A ideia de uma política da justa memória é, sob esse aspecto, um de
meus temas cívicos confessos".
Referenciar
em tempos de 400 anos uma ênfase sobre uma fundação francesa sobre São Luís é a
mais ardilosa operação historiográfica de construção de memória. Ainda bem que
a obra de João Carlos Cantanhede e Raimunda Fortes nos mostra outra imagem,
outras, literalmente.
Isso fica
evidente quando sob uma justaposição os autores comparam pinturas antigas da
cidade com cenas contemporâneas. As obras de arte nos mostram como existem
várias cidades dentro de uma mesma e que como ela se metamorfoseia ao longo dos
tempos, como não existe uma fundação, mas fundações, já que enquanto organismo
vivo, pulsante, dinâmico, ela se reinventa o tempo todo.

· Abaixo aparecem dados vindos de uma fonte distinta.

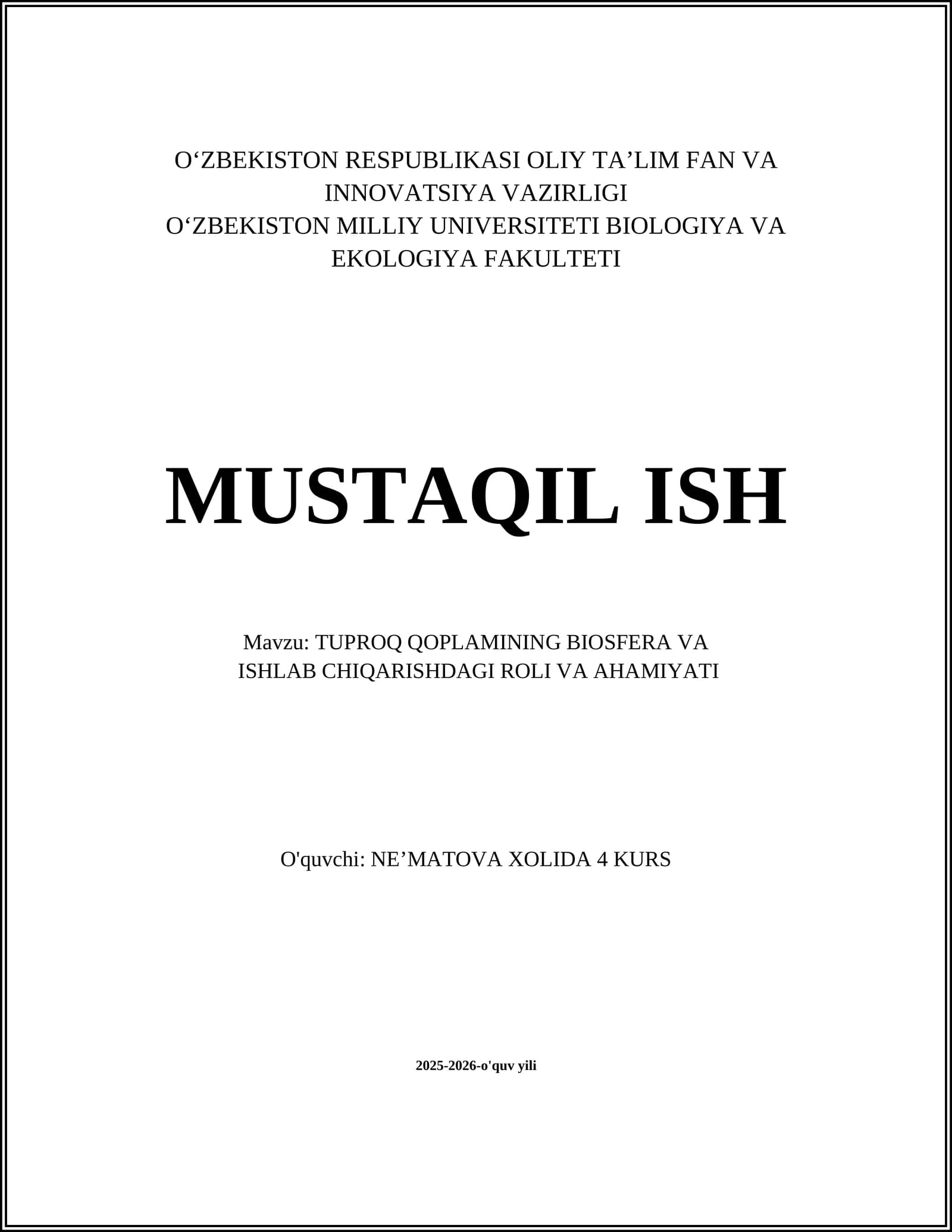 Tuproq Qoplaminig Biosfera va Ishlab Chiqarishdagi Roli va Ahmiyat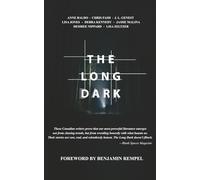 The Long Dark: 5 (Canadian Short Stories Collection)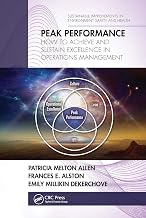 Peak Performance (Sustainable Improvements in Environment Safety and Health)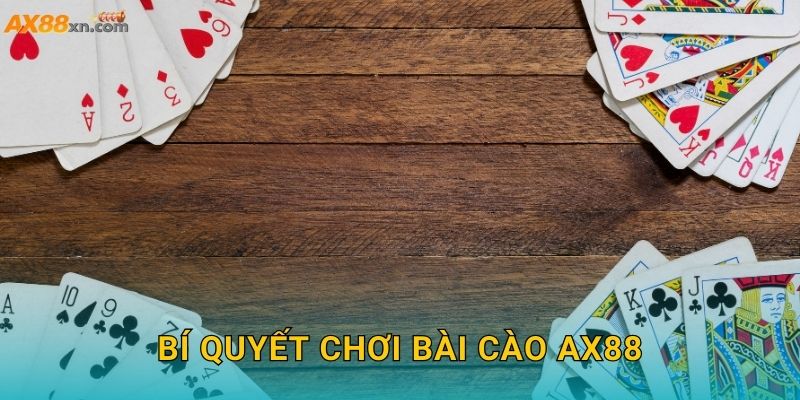 Bài Cào AX88 và niềm vui giải trí đầy bất ngờ 3 Bí quyết chơi Bài Cào AX88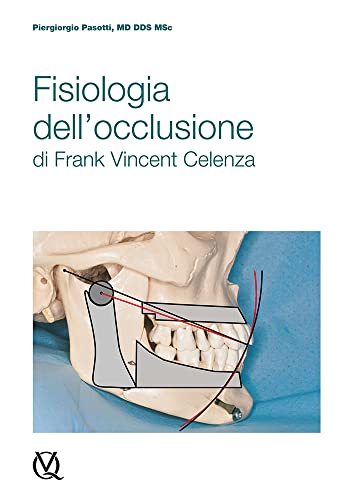 Fisiologia Dell’Occlusione. Di Frank Vincent Celenza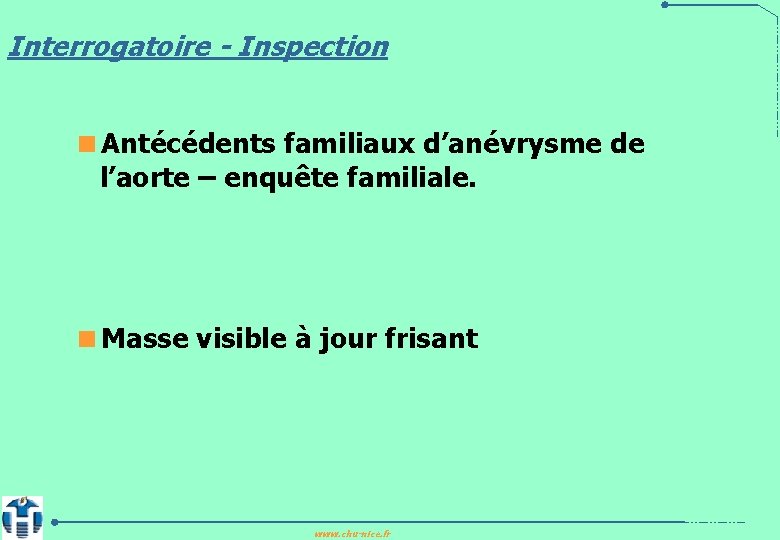 Interrogatoire - Inspection <Antécédents familiaux d’anévrysme de l’aorte – enquête familiale. <Masse visible à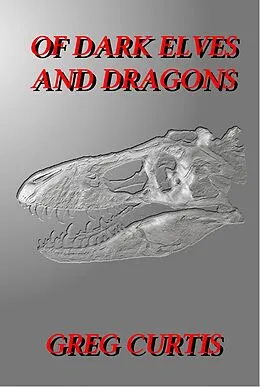 E-Book (epub) Of Dark Elves And Dragons. von Greg Curtis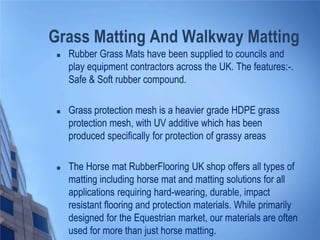 Grass Matting And Walkway Matting


Rubber Grass Mats have been supplied to councils and
play equipment contractors across the UK. The features:-.
Safe & Soft rubber compound.



Grass protection mesh is a heavier grade HDPE grass
protection mesh, with UV additive which has been
produced specifically for protection of grassy areas



The Horse mat RubberFlooring UK shop offers all types of
matting including horse mat and matting solutions for all
applications requiring hard-wearing, durable, impact
resistant flooring and protection materials. While primarily
designed for the Equestrian market, our materials are often
used for more than just horse matting.

 
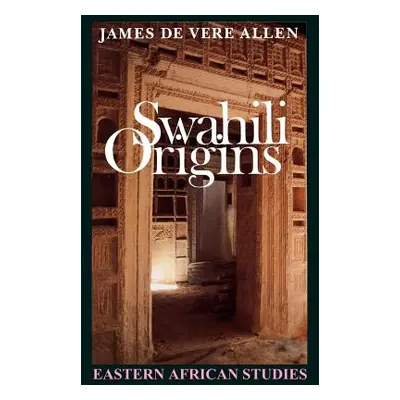 "Swahili Origins: Swahili Culture and the Shungwaya Phenomenon" - "" ("Allen James de Vere")(Pap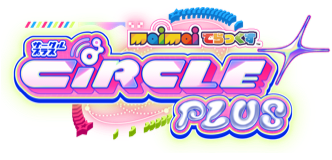 maimai DX CiRCLE PLUS / DX maimai DX CiRCLE PLUS / DX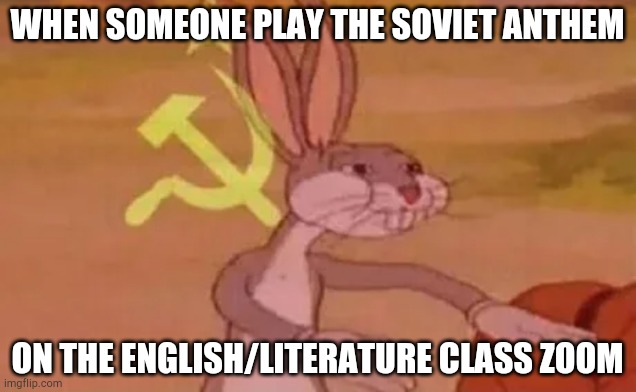 This happened to me recently lmao | WHEN SOMEONE PLAY THE SOVIET ANTHEM; ON THE ENGLISH/LITERATURE CLASS ZOOM | image tagged in bugs bunny communist,soviet | made w/ Imgflip meme maker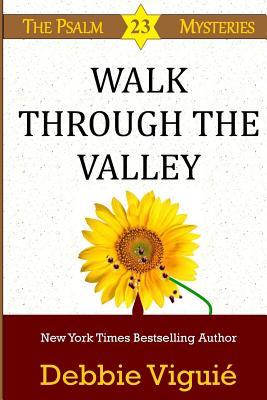 Walk Through the Valley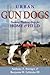 Urban Gun Dogs: Training Flushing Dogs for Home and Field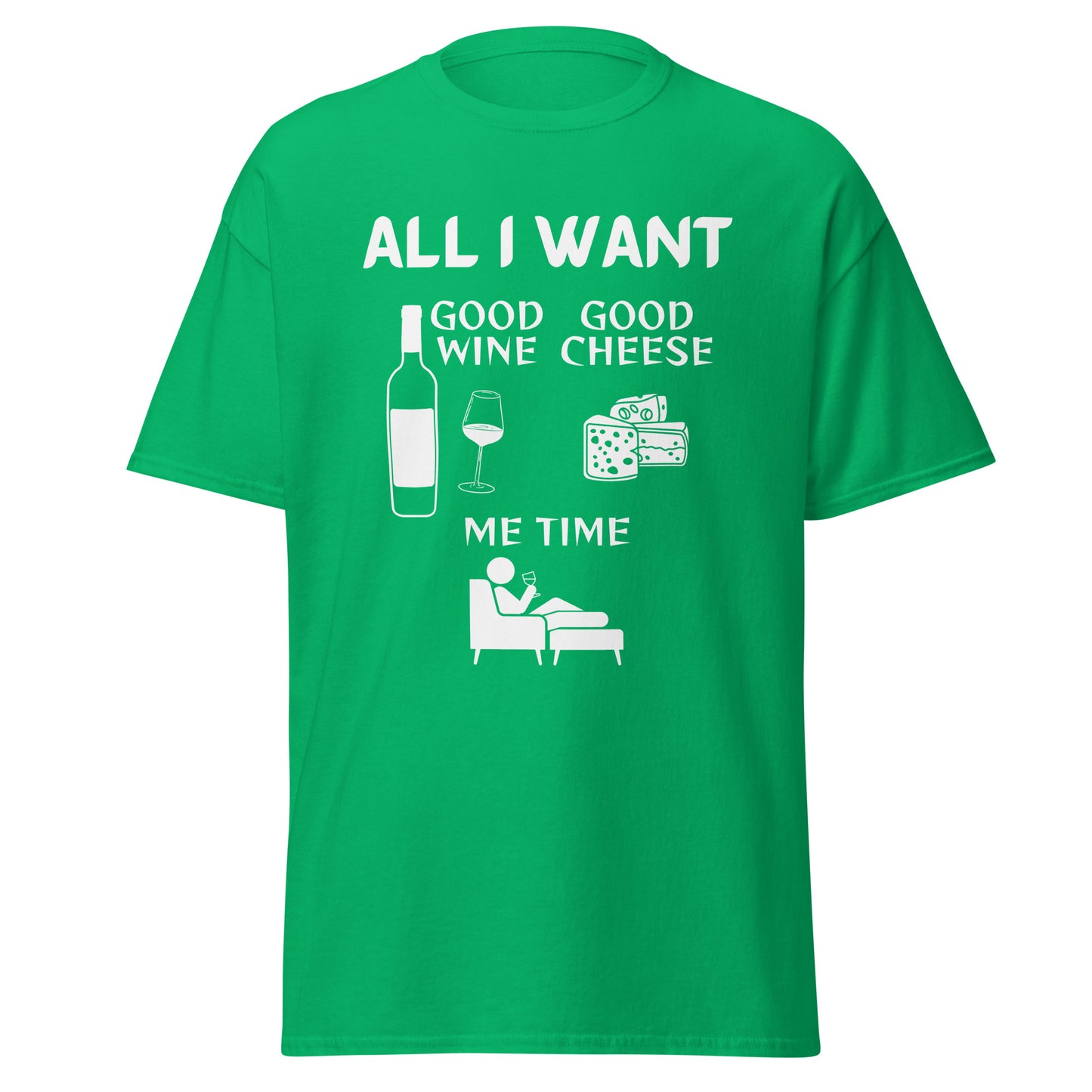 ALL I WANT Good Wine, Good Cheese, Me Time Unisex Tee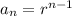 a_{n} =r^{n-1}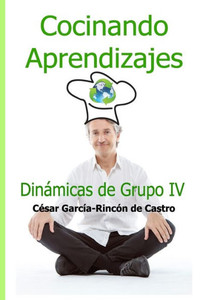 Cocinando Aprendizajes: Dinámicas de Grupo IV (Spanish Edition)
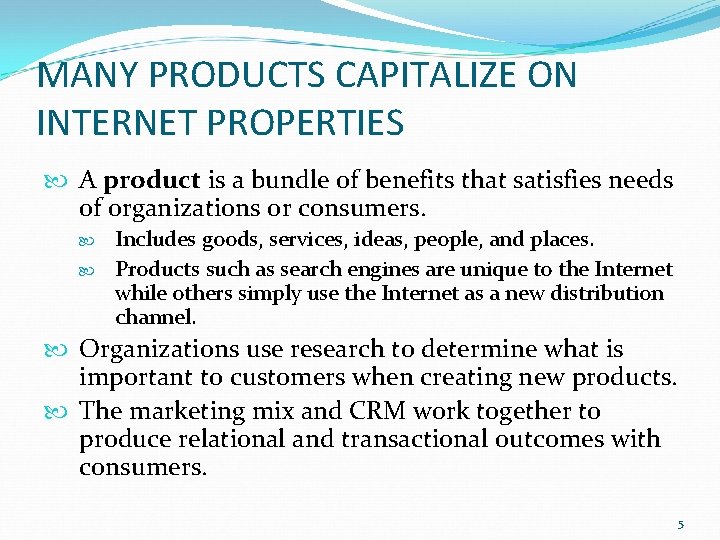 MANY PRODUCTS CAPITALIZE ON INTERNET PROPERTIES A product is a bundle of benefits that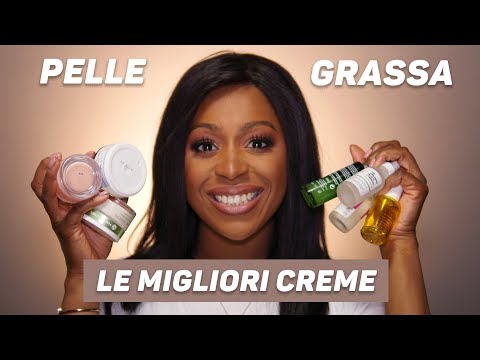 OILY SKIN FIX: LE MIGLIORI CREME E SIERI PER PELLE GRASSA E MISTA GRASSA E RIMEDI UTILI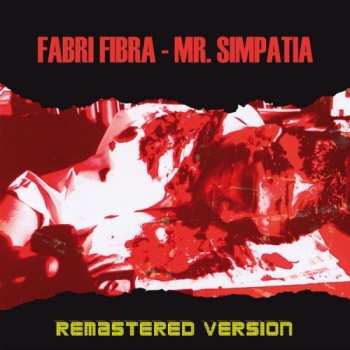 2LP Fabri Fibra: Mr. Simpatia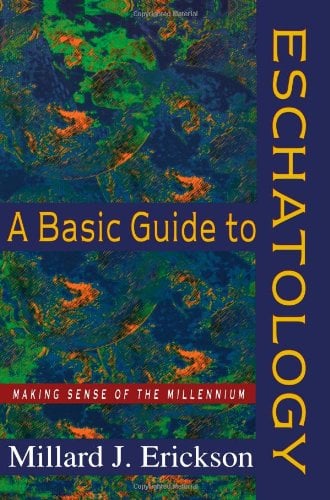 A Basic Guide to Eschatology: Making Sense of the Millennium
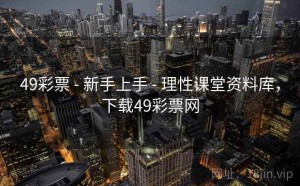 49彩票 - 新手上手 - 理性课堂资料库，下载49彩票网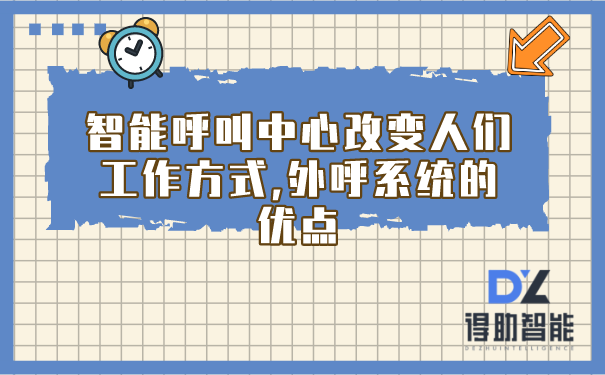 智能呼叫中心改变人们工作方式(外呼系统的优点)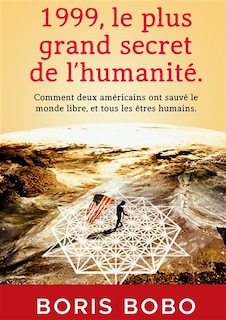 Front cover_1999, le plus grand secret de l'humanité.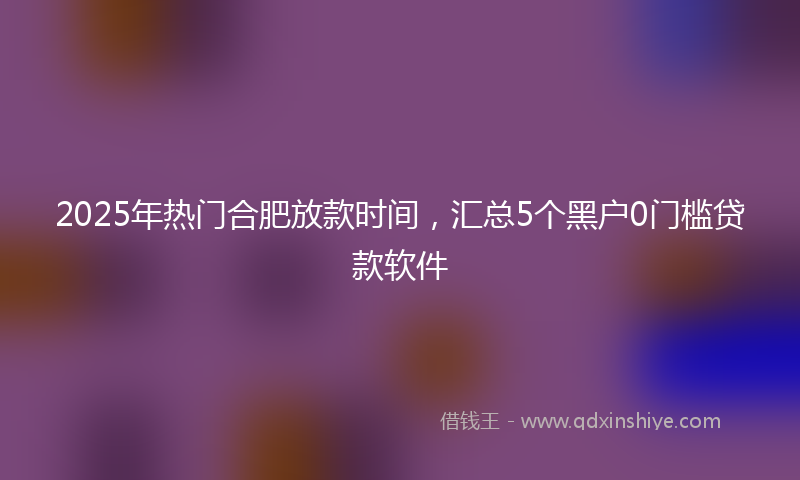 2025年热门合肥放款时间，汇总5个黑户0门槛贷款软件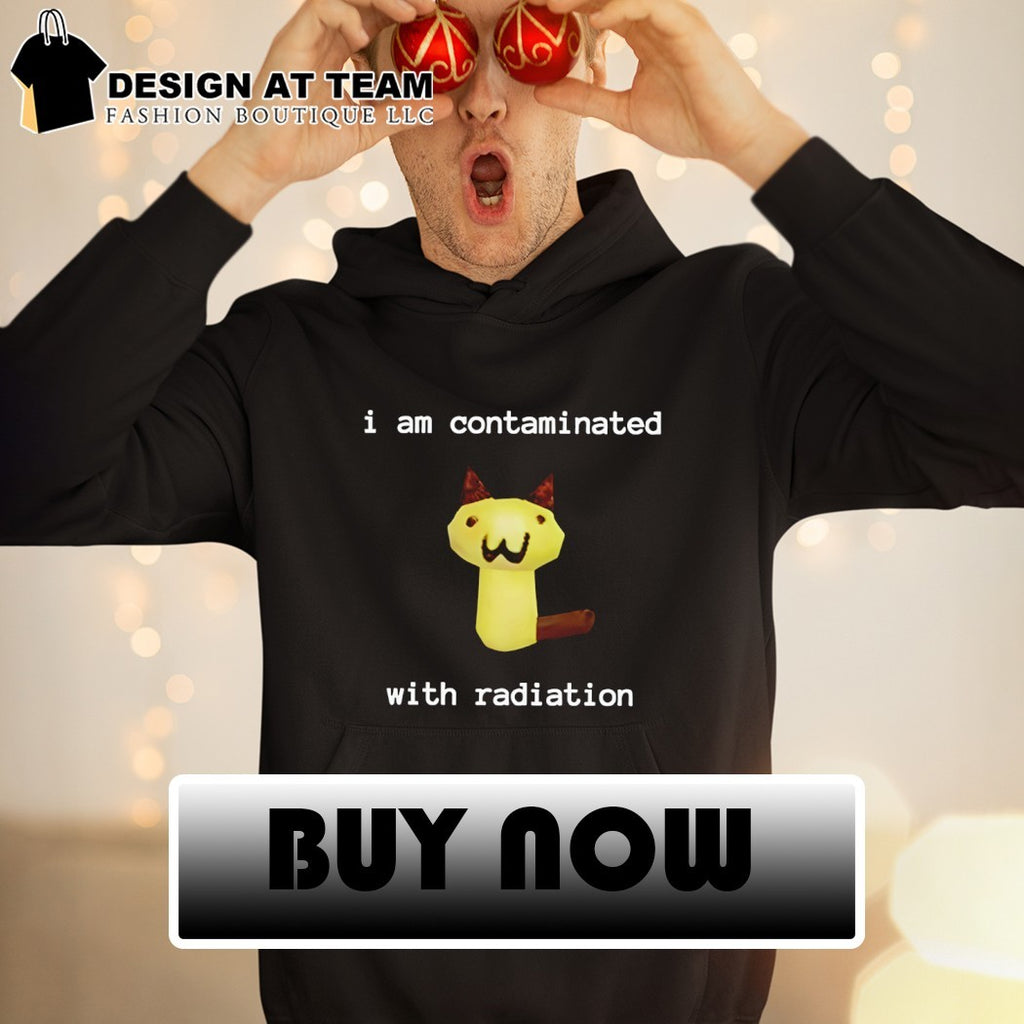 I am contaminated with radiation cat meme shirt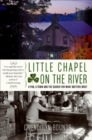Image for Little Chapel on the River: A Pub, a Town and the Search for What Matters Most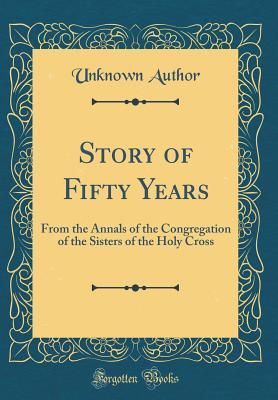 [47ec0] !Read@ Story of Fifty Years: From the Annals of the Congregation of the Sisters of the Holy Cross (Classic Reprint) - Unknown @PDF#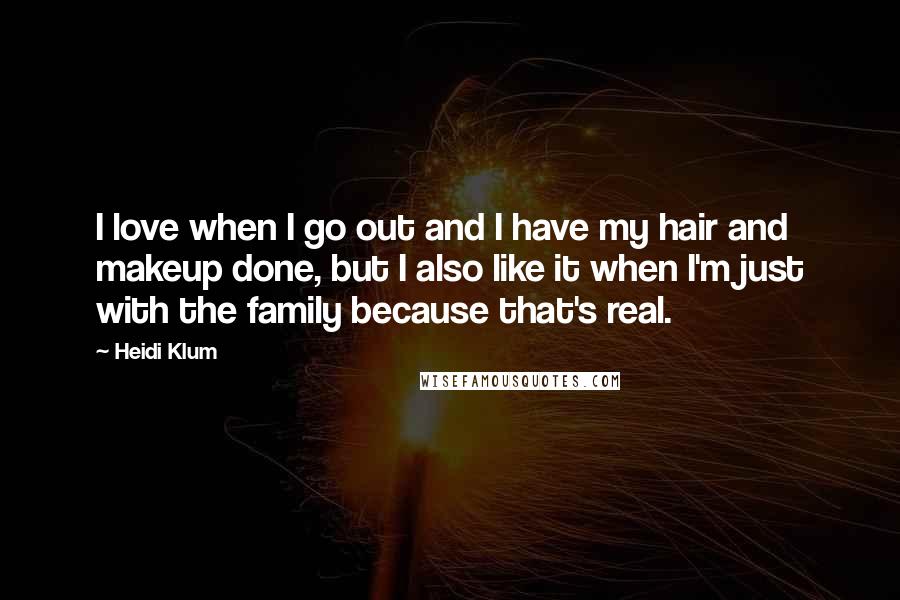 Heidi Klum Quotes: I love when I go out and I have my hair and makeup done, but I also like it when I'm just with the family because that's real.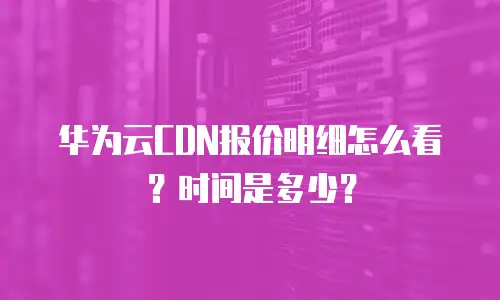 华为云CDN报价明细怎么看？时间是多少？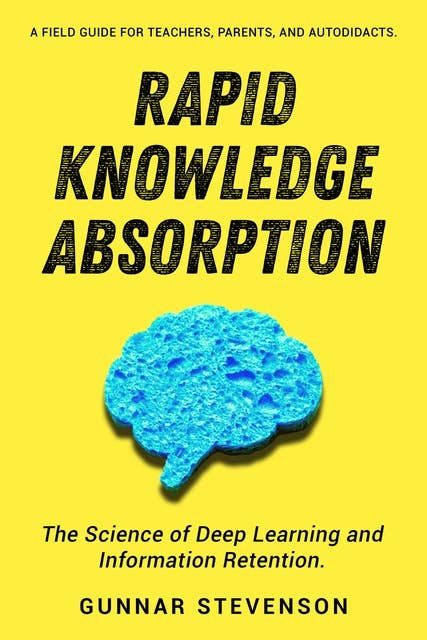 Rapid Knowledge Absorption: The Science of Deep Learning and Information Retention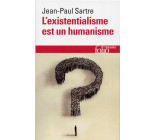 L-EXISTENTIALISME EST UN HUMANISME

Portanto, São Luís não é apenas de origem francesa, é
portuguesa, holandesa, indígena, africana, açoriana (a África insular),
libanesa, cearense, é de todos que refundam seus espaços de convivência e
sociabilidade.
Roland
Barthes tinha razão: “a imagem é representação, isto é, ressurreição e sabe-se
que o inteligível é tido como antipático ao vivenciado”. Estão ai as pinturas,
as imagens sobre a cidade que não nos deixam mentir. Não existe apenas uma imagem
sobre São Luís, mas várias.
Leiam
o livro, sinta-se numa galeria de arte ou num museu imagético. A obra é uma
verdadeira pintura escultórica sobre São Luís. Uma homenagem verdadeira e
honesta, afinal, os que os olhos veem o coração sente.